In a sense, that is in line with other efforts by telcos to provide video entertainment without investing in traditional "home grown" video services. Many telcos have resold partner services, such as satellite TV offerings, to create triple play without creating a branded service "from scratch."
More recently, some telcos have started experimenting with offers based on streaming video, such as Hulu, as part of broadband access packages.
The Ooyala investment gives Telstra more revenue upside in the over the top video apps space, potentially important in the future if and when online video really starts to erode traditional subscription TV revenue.
Telstra and Ooyala apparently have not finalized thecommercial agreement, but it is expected that Telstra will become a major Ooyala customer and reseller, deploying Ooyala software, analytics and service offerings throughout Australia.
But there are other angles. One advantage of over the top applications and services, when offered by service providers, is that such services often can be sold and leveraged on a global basis, and not simply within the traditional cable or telco service boundaries.

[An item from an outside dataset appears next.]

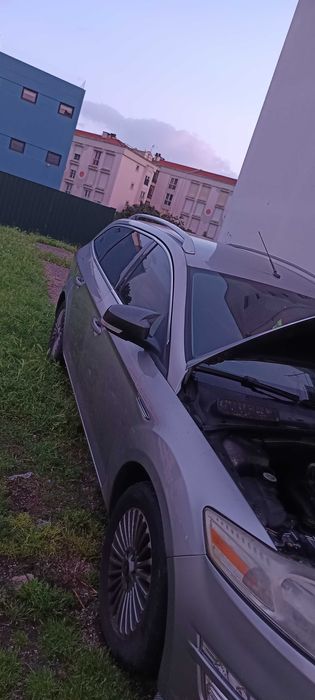 Ford mondeo SW Titanium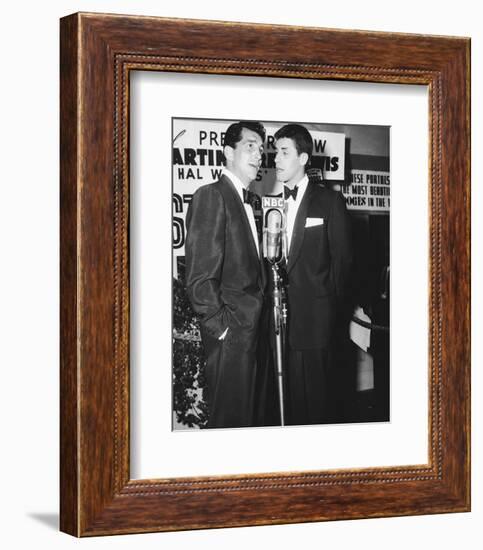 Dean Martin-null-Framed Photo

That doesn’t mean that Telstra will attempt to do so, but its ownership in Ooyala means it will profit as Ooyala can do so.
So it is that Ooyala will use the new capital to fuel its market momentum with cable TV providers and TV programmers. Ooyala also expects to expand operations outside of the United States, building on its existing footprint in Europe, Asia, Australia and Latin America. Over half of Ooyala’s business is outside the United States.